Falsch ist es allerdings auch, die rechtliche Bedeutung der vorgenommenen Gesetzesänderung zu überschätzen: Schon bislang wurden rund 90% der Asylanträge von Flüchtlingen aus den Balkanstaaten als „offensichtlich unbegründet“ abgelehnt. Das Bundesamt beziffert die Beschleunigung des Verfahrens mit der nun festgelegten Regelung deshalb lediglich auf „zehn Minuten“. Denn nun müsse nicht mehr begründet werden, warum ein erfolgloser Antrag auch noch „offensichtlich“ unbegründet ist. Auch zukünftig findet aber für Asylsuchende aus Serbien, Bosnien und Mazedonien das unveränderte Asylverfahren beim Bundesamt statt. Das heißt: Die Antragsteller werden mündlich angehört und können alles vortragen, was für eine Asylgewährung und ähnliche Schutzmechanismen relevant ist. Der Gesetzgeber hat hier insofern nicht das Asylrecht für Balkan-Flüchtlinge abgeschafft, aber  – gegen die Kritik von Menschenrechtsorganisationen – eine fragwürdige Rechtspraxis (und Rechtsprechung) nachträglich bekräftigt und legitimiert, um so ein öffentliches Signal zu setzen: Haut ab, lautet die Botschaft, wir wollen eure Armut nicht, geht zurück in eure Wellblechhütten.

Was hat die baden-württembergische Landesregierung nun für diese Zustimmung erhalten?

  • Lockerung der Residenzpflicht: Das Verbot, ein zugewiesenes Bundesland zu verlassen, soll nach drei Monaten enden. Allerdings soll nur ein vorübergehender Aufenthalt in anderen Bundesländern entkriminalisiert werden: Ein Wohnsitzwechsel zum Ort des Arbeitsplatzes oder der Bildungseinrichtung ist weiterhin kaum möglich.
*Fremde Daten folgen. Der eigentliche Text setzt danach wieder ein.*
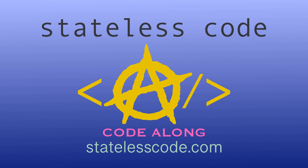Check out our growing library of videos on our social media channels. Follow us at stateless code and taxation is theft.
  • Lockerung des Arbeitsverbotes: Der Wegfall der Vorrangprüfung beim Arbeitsmarktzugang nach 15 Monaten (statt bisher 48 Monaten) ist eine wichtige Verbesserung der Rechtslage. Im Zusammenhang mit der Verkürzung des Arbeitsverbots auf drei Monate, die der Gesetzentwurf ohnehin vorsah, ist nun eher die Chance gegeben, Flüchtlingen nach einer sprachlichen Qualifikation eine vernünftige Arbeitsperspektive vermitteln zu können. Allerdings ist die Änderung auf zunächst drei Jahre befristet. Den Ausländerbehörden soll es überdies weiter erlaubt sein, im Einzelfall Arbeitsverbote wegen mangelnder Mitwirkung an einer Abschiebung zu erteilen.
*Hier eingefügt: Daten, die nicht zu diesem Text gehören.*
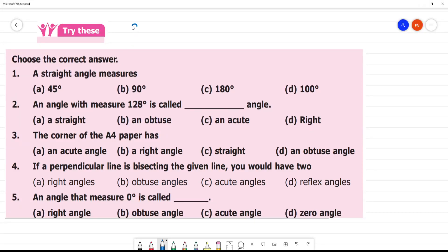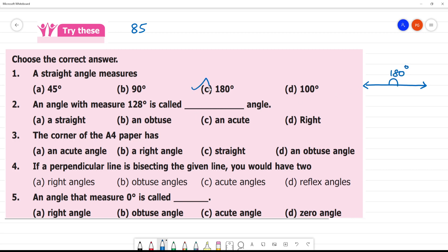Try this, page number 85. Choose the correct answer. The first one: a straight angle measures what? This is the straight line, and it measures 180 degrees. So a straight angle measures 180 degrees.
  • Abschaffung des Sachleistungsprinzips nach Verteilung aus der Erstaufnahme: Dass das Sachleistungsprinzip im Asylbewerberleistungsgesetz aufgehoben werden soll, ist ein Fortschritt, der uns aber nicht zufrieden stellen kann: Weiterhin soll das diskriminierende Asylbewerberleistungsgesetz in Kraft bleiben, das  z.B. im Bereich der medizinischen Versorgung gravierende Leistungseinschränkungen für Asylsuchende vorsieht.

Entscheidend für das Einknicken Baden-Württembergs ist aber womöglich noch ein ganz anderes, eher fiskalisches Argument: Vereinbart wurde auch, dass im Rahmen der Neuordnung der Bund-Länder-Finanzbeziehungen die Länder und Kommen bei Ausgaben für Asylsuchende entlastet werden sollen. Siehe hierzu die Protokollerklärung der Bundesregierung vom 19.09.2014.